• HOW TO COMPLETE THIS TASK
Once the line containing "Timpani, Triangle, Snare Drum, Bass Drum" is reached, copy it and every line after it exactly, to the end of the material, without pictures.

• PROVIDED MATERIAL
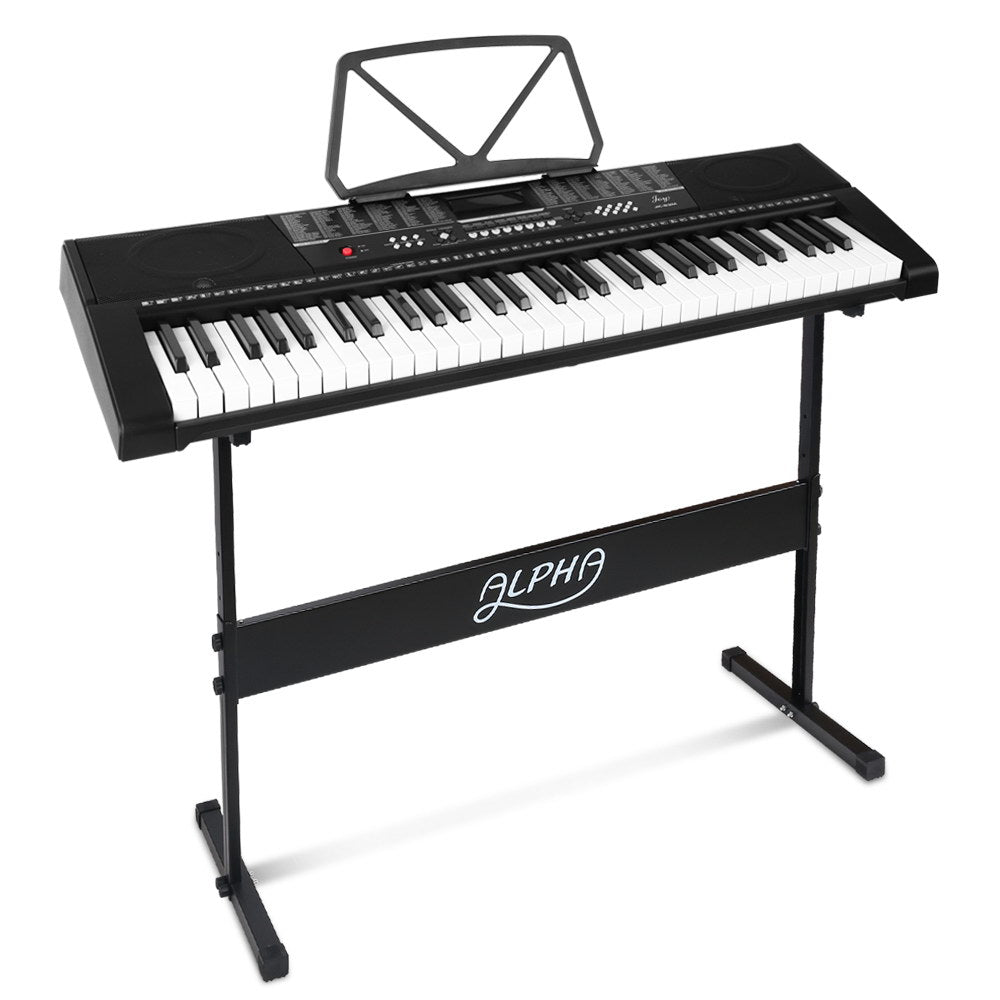 Alpha 61 Keys Electronic Piano Keyboard Digital Electric w/ Stand Sound Speaker - SILBERSHELL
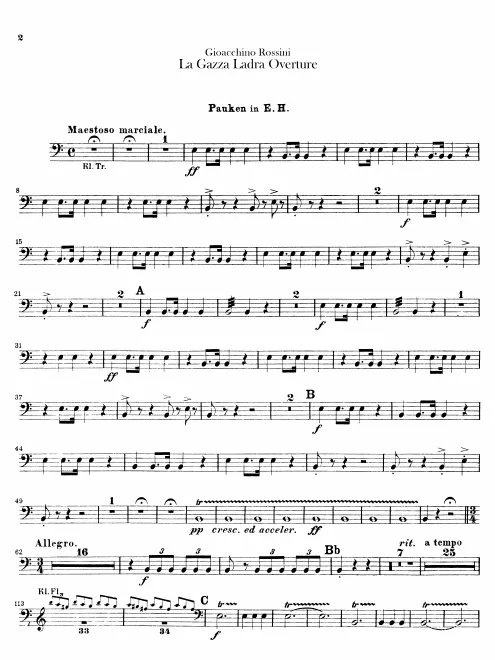 Timpani, Triangle, Snare Drum, Bass Drum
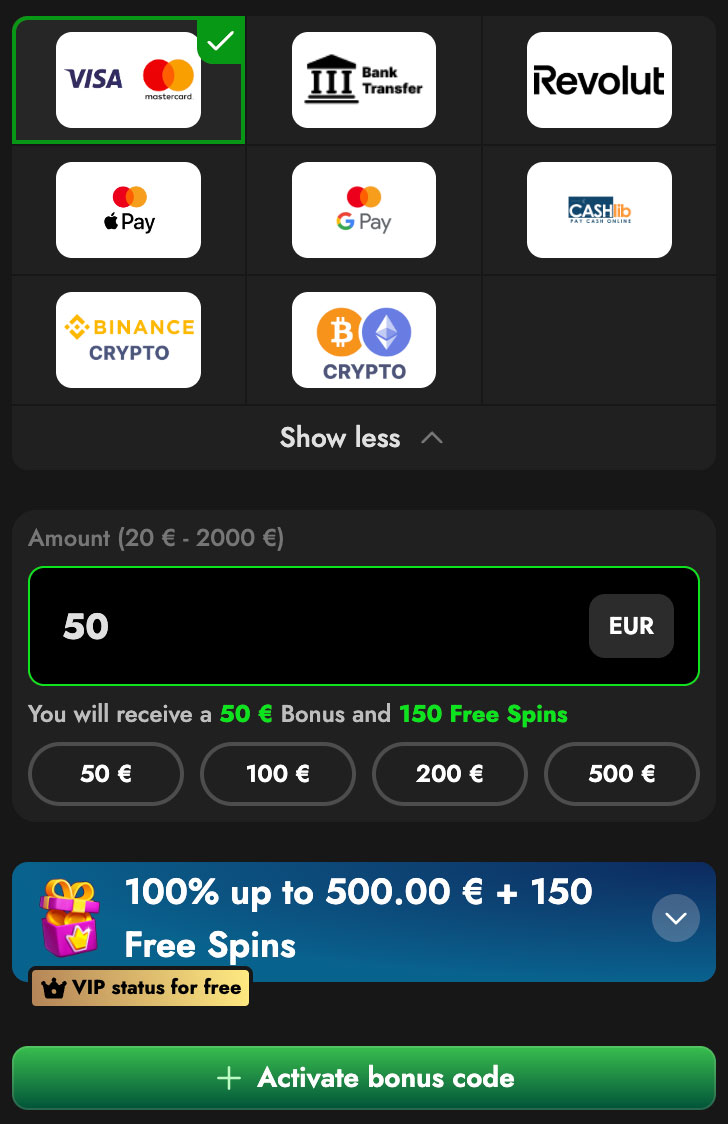 Deposit Options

• ANSWER FOR THIS EXERCISE
 Timpani, Triangle, Snare Drum, Bass Drum
 Deposit Options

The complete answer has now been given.